Image-text web data
—————

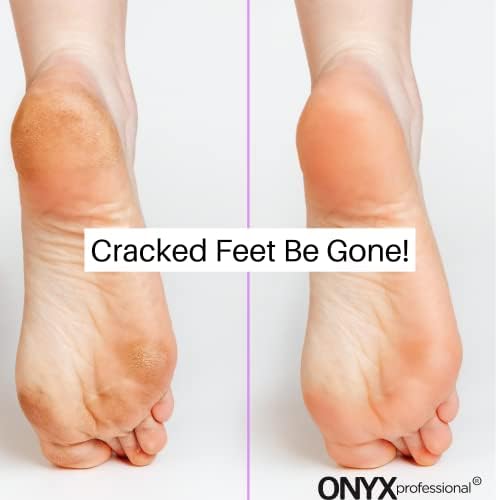 Onyx Professional Gel Moisturizing Socks, One Size Dry Feet Treatment for Women or Men, Hydrating Spa Socks for Dry Feet and Cracked Heel Repair, One Reusable Pair - Image 7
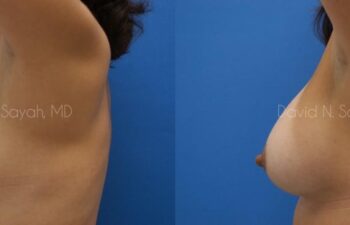 Breast Augmentation Before and After | Sayah Institute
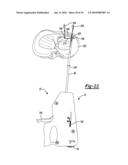 Soft Tissue Repair Device and Method diagram and image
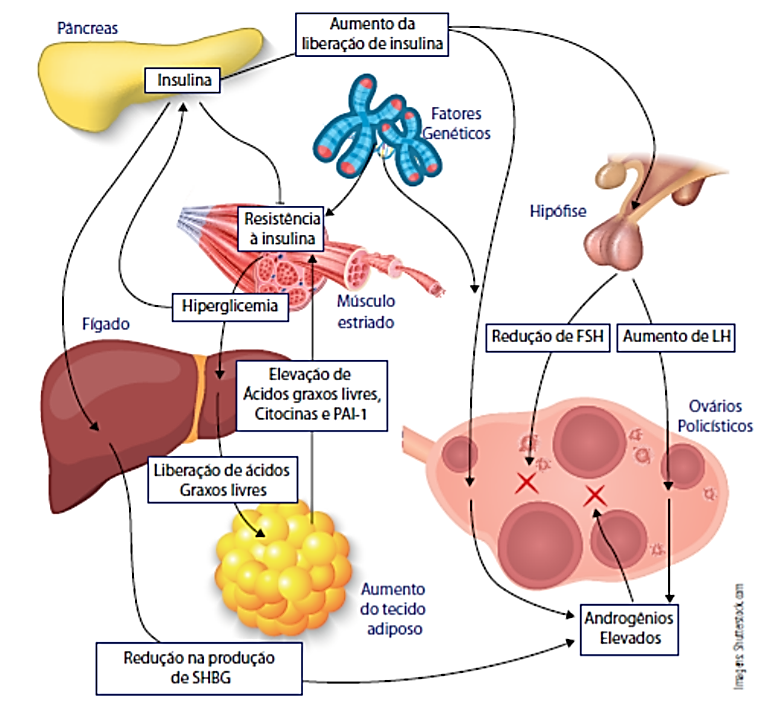 Conceitos básicos sobre síndrome dos ovários policísticos | Colunistas -  Sanar Medicina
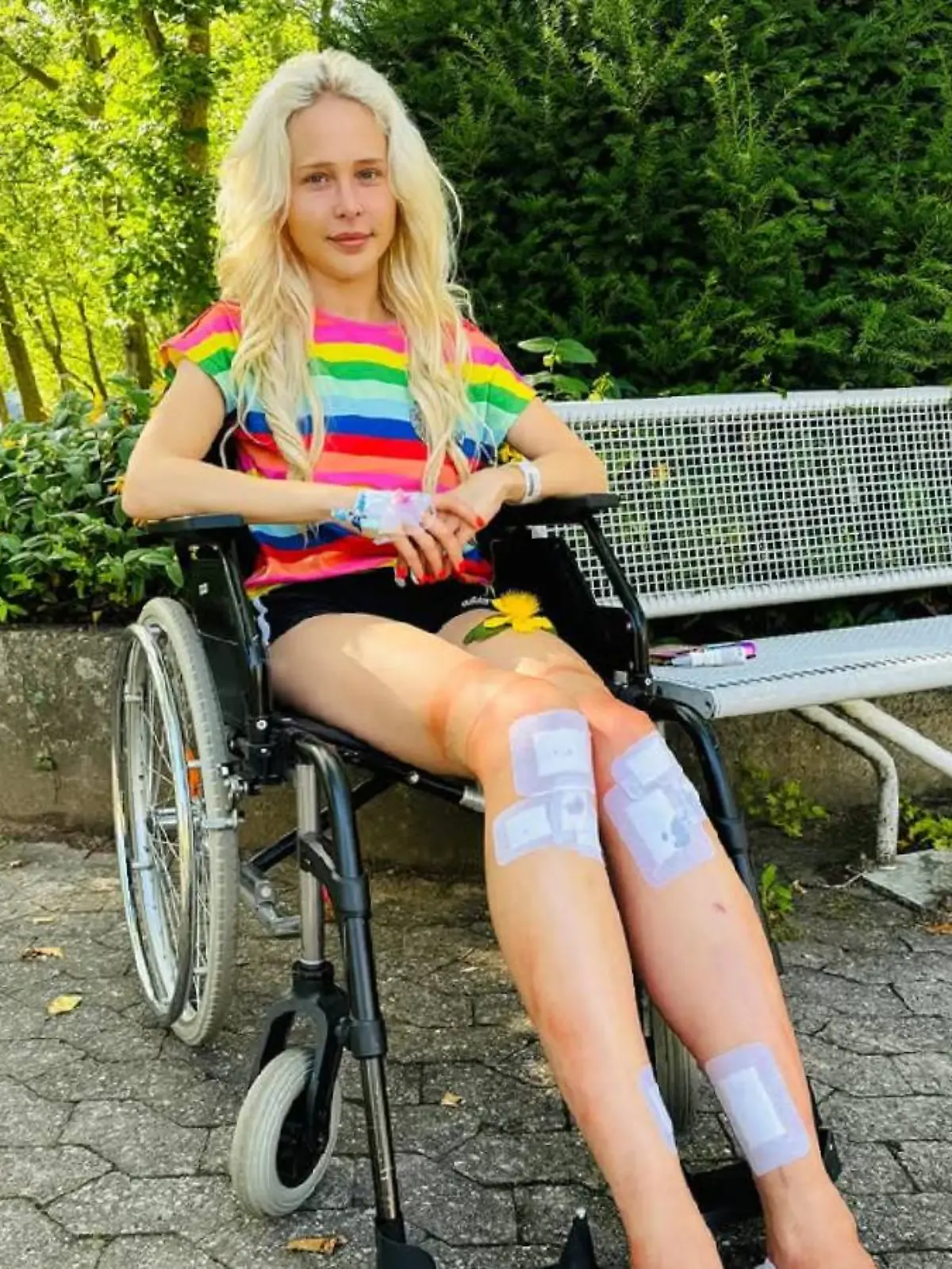 Theresia Fischer nach ihrer letzten Bein-OP. 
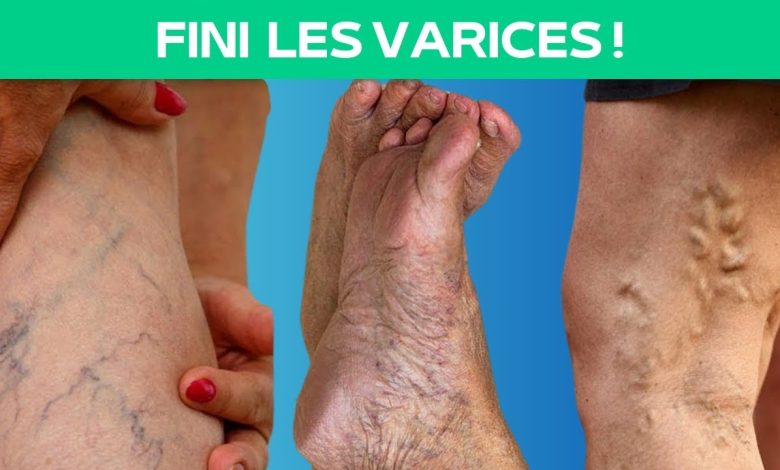 Se débarrasser définitivement des varices.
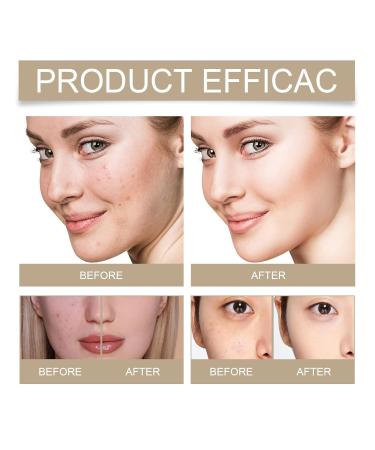 Niacinamide Serum 10% with 1% Zinc - Anti-Aging Face Serum for All Skin Types | Moisturizing 1FL.OZ - International Shipping Available - Buy Online on GoSupps.com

—————

# The problem:
Please repeat every record above exactly, leaving the pictures out.

# Response area:
 Onyx Professional Gel Moisturizing Socks, One Size Dry Feet Treatment for Women or Men, Hydrating Spa Socks for Dry Feet and Cracked Heel Repair, One Reusable Pair - Image 7
 Breast Augmentation Before and After | Sayah Institute
 Soft Tissue Repair Device and Method diagram and image
 Conceitos básicos sobre síndrome dos ovários policísticos | Colunistas -  Sanar Medicina
 Theresia Fischer nach ihrer letzten Bein-OP. 
 Se débarrasser définitivement des varices.
 Niacinamide Serum 10% with 1% Zinc - Anti-Aging Face Serum for All Skin Types | Moisturizing 1FL.OZ - International Shipping Available - Buy Online on GoSupps.com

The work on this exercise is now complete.